# [Problem to work on]
Exact copies of the lines below are the goal; any images in them are dropped.

--------------------

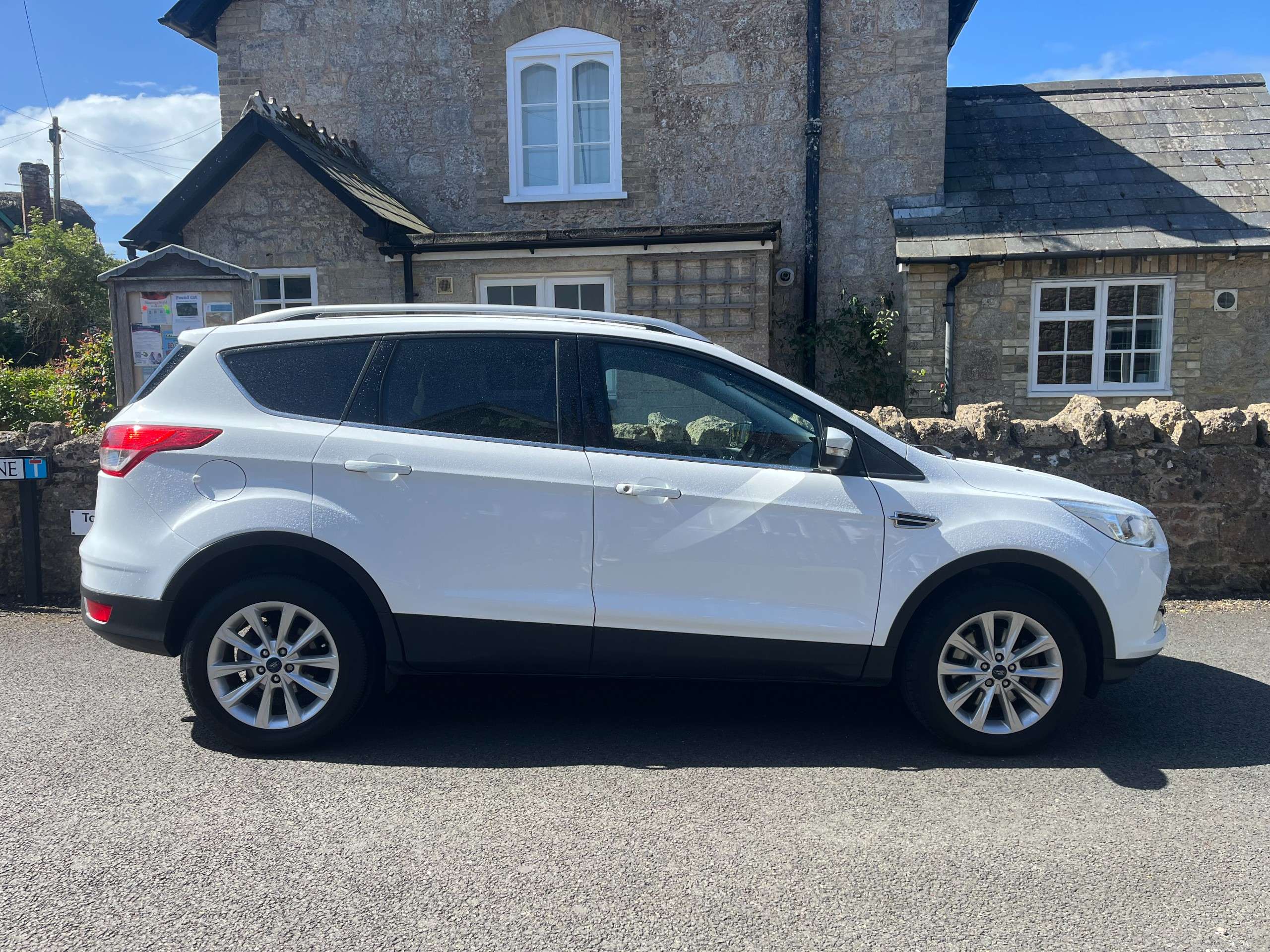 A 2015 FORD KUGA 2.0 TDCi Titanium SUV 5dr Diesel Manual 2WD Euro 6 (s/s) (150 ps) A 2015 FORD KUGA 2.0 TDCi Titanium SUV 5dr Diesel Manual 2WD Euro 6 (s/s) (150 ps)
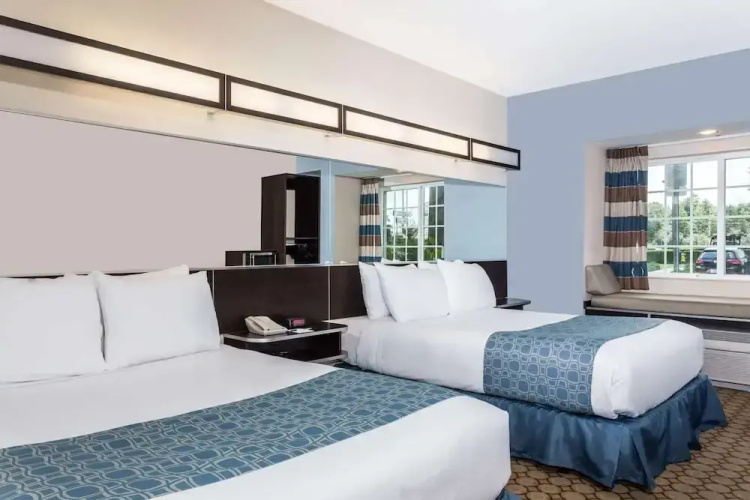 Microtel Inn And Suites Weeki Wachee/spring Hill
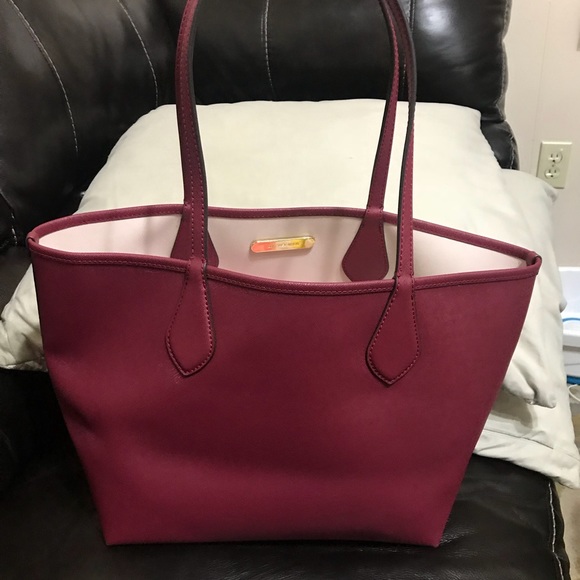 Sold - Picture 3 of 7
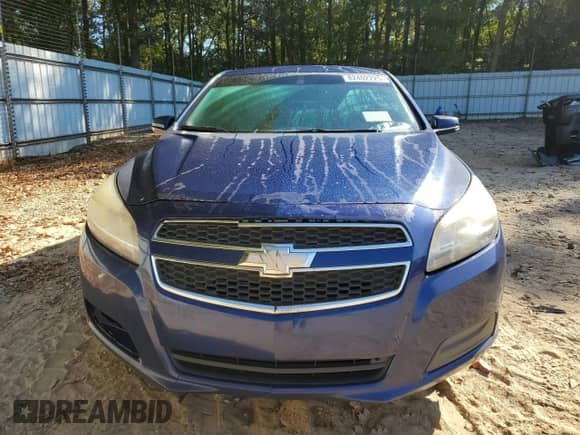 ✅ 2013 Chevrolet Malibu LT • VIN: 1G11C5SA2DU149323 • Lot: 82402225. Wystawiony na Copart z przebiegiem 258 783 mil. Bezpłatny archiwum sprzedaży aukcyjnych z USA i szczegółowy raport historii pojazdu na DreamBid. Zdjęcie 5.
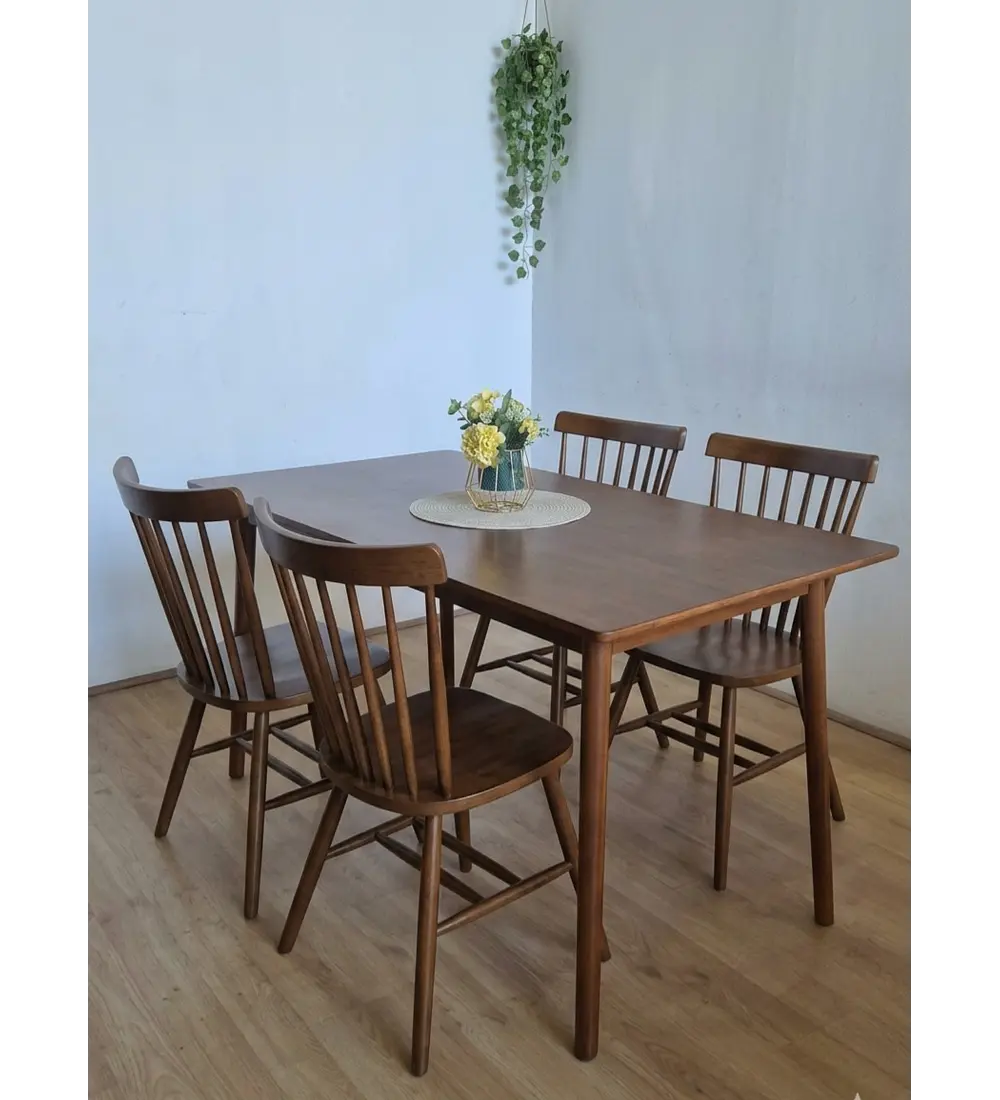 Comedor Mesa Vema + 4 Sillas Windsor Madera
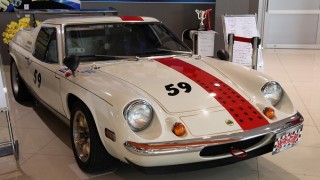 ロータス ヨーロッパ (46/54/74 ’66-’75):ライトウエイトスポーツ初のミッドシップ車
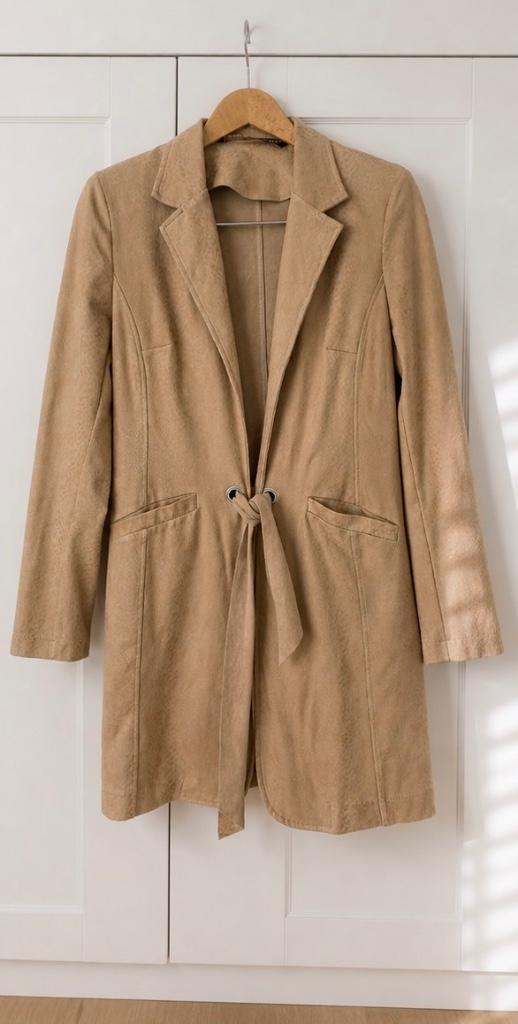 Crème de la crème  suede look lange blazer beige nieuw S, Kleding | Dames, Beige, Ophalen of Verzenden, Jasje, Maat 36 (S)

--------------------

# [Result of the task]
 A 2015 FORD KUGA 2.0 TDCi Titanium SUV 5dr Diesel Manual 2WD Euro 6 (s/s) (150 ps) A 2015 FORD KUGA 2.0 TDCi Titanium SUV 5dr Diesel Manual 2WD Euro 6 (s/s) (150 ps)
 Microtel Inn And Suites Weeki Wachee/spring Hill
 Sold - Picture 3 of 7
 ✅ 2013 Chevrolet Malibu LT • VIN: 1G11C5SA2DU149323 • Lot: 82402225. Wystawiony na Copart z przebiegiem 258 783 mil. Bezpłatny archiwum sprzedaży aukcyjnych z USA i szczegółowy raport historii pojazdu na DreamBid. Zdjęcie 5.
 Comedor Mesa Vema + 4 Sillas Windsor Madera
 ロータス ヨーロッパ (46/54/74 ’66-’75):ライトウエイトスポーツ初のミッドシップ車
 Crème de la crème  suede look lange blazer beige nieuw S, Kleding | Dames, Beige, Ophalen of Verzenden, Jasje, Maat 36 (S)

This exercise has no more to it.